Quote:
Originally Posted by MGlitch
You can't have it both ways, either "10% is still a lot of people" or "only 13% of the world live in the US".
This has also veered WAY off topic of this thread.
|
Those are relating to different things. One is % of USA people. Americans do tend to assume what they experience is the norm. The other is % of people that might not have Internet, in or out of USA. That figure varies dramatically with country, rural or urban, demographic etc and even how you define "internet access" It might be 10% here. Does erratic 2G/3G/4G (4G coverage is tiny) Mobile (Cell) count as "Internet access"? Only sort of. Most people have no idea how to use a phone as a WiFi gateway to mobile for other gadgets. Not all phones do it. Many people I know have a tiny data allowance on their phone. A decent mobile data limit subscription costs more than Satellite Pay TV. Lots of people just buy call credit. Perhaps 70% use their smart phone via home and office broadband. That 30% not using the phone via broadband wifi is still a lot.
The UK Labour party estimates £20 Billion to give everyone fibre in the UK. There was a plan to do that, but it was killed off by the privatisation of BT.
Ireland had a National Broadband Scheme over 10 years ago. It was either €75 million or €150 million and didn't deliver a single broadband connection. They are about to sign off the new National Broadband Plan, it may cost €2 Billion for a place 1/20th of UK population and no-one knows what it's actually going to deliver.
So while MOST people can get ebooks online, shouldn't it be universal? So why not enable the LOTS of people still buying paper books to buy ebooks (somehow) instore. For any ereader app or ereader assuming it's not totally one provider only? Even Apple there are ways to load 3rd party content and all Android and Windows things can install free apps that read 3rd party content. Kindles can take non-Amazon content. No problem with the Kobo either.
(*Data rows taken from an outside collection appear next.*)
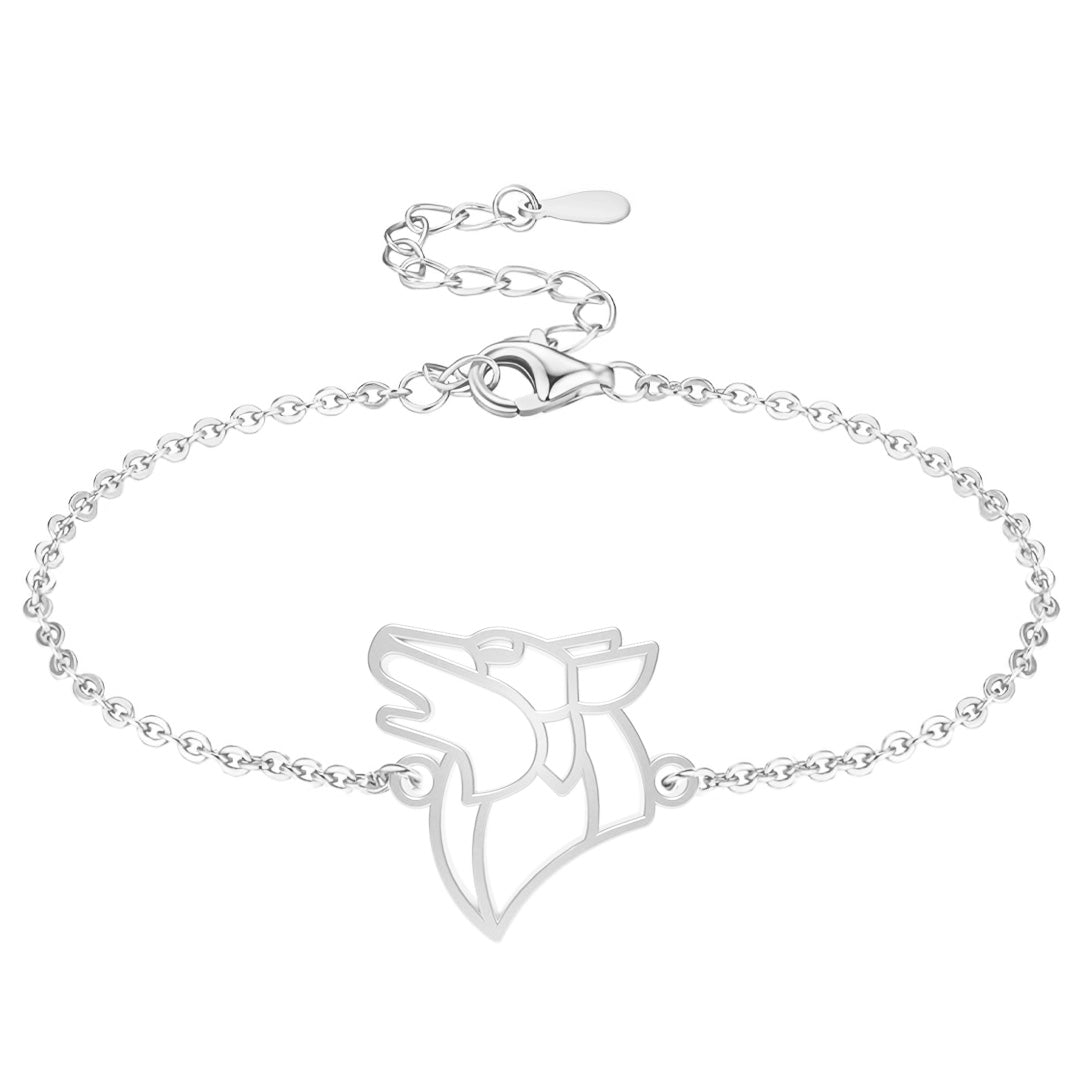 bracelet loup 2 argent chaine #Couleur et bracelet_Argent avec chaîne #Modèle_Modèle 2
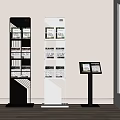 Modern Display Stands With Brochures And Small Podium In Room Interior 3d model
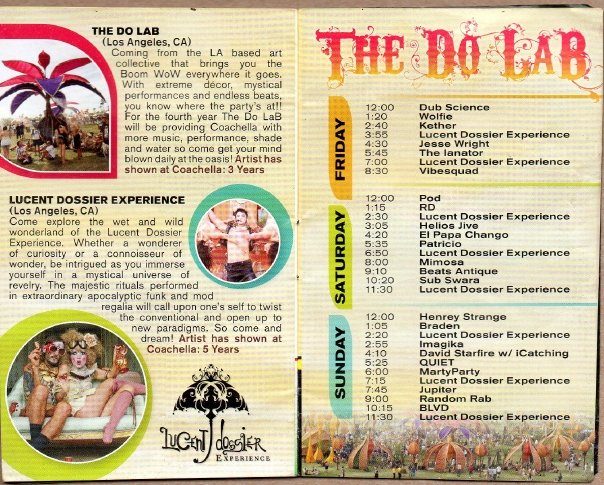 The Do LaB at Coachella flyer, Friday, April 17, 2009
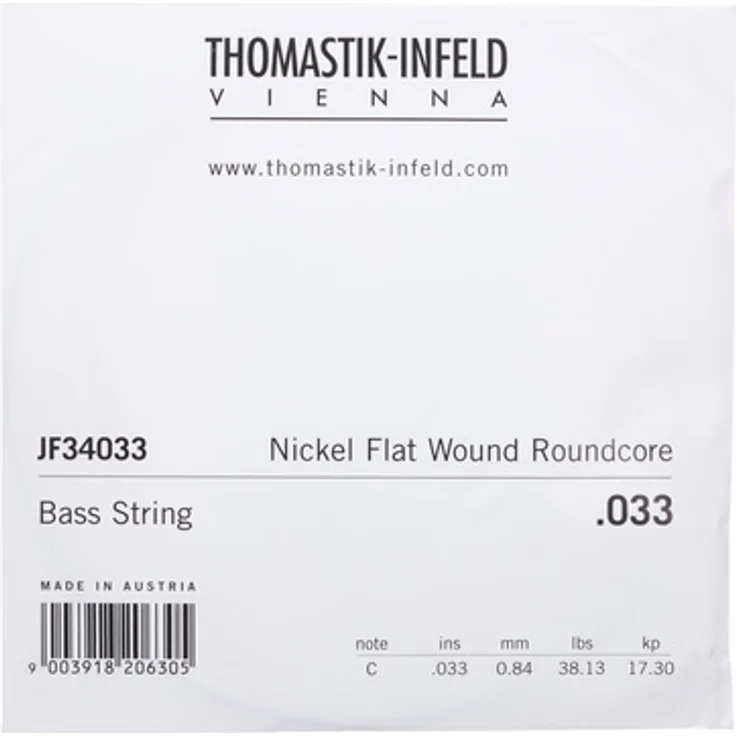 Thomastik JF34033 Einzelsaite C .033, E-Bass Saiten mit runden Stahlkern und nickelummantelter Flat Wound Umspinnung, long scale – Bild 1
It's not that far off topic, B&N is a bookshop now part of another company.
Can they and bookshops in general make money selling ebooks, online and/or instore (somehow), without a Nook?
Certainly the decision of Waterstones (now same owner) to sell Amazon Kindles really only benefited Amazon. B&N would be silly to sell the Nook customer base to someone else (like Kobo), they'd be better off offering those customers epub and Kindle format for ANY device, especially 3rd party apps on phones and tablets. Keep the ebook shop and ditch the Nook.
There is no bookshop AFAIK, in Ireland selling ebooks. Unless Dublin has something I don't know about. Certainly none in this area.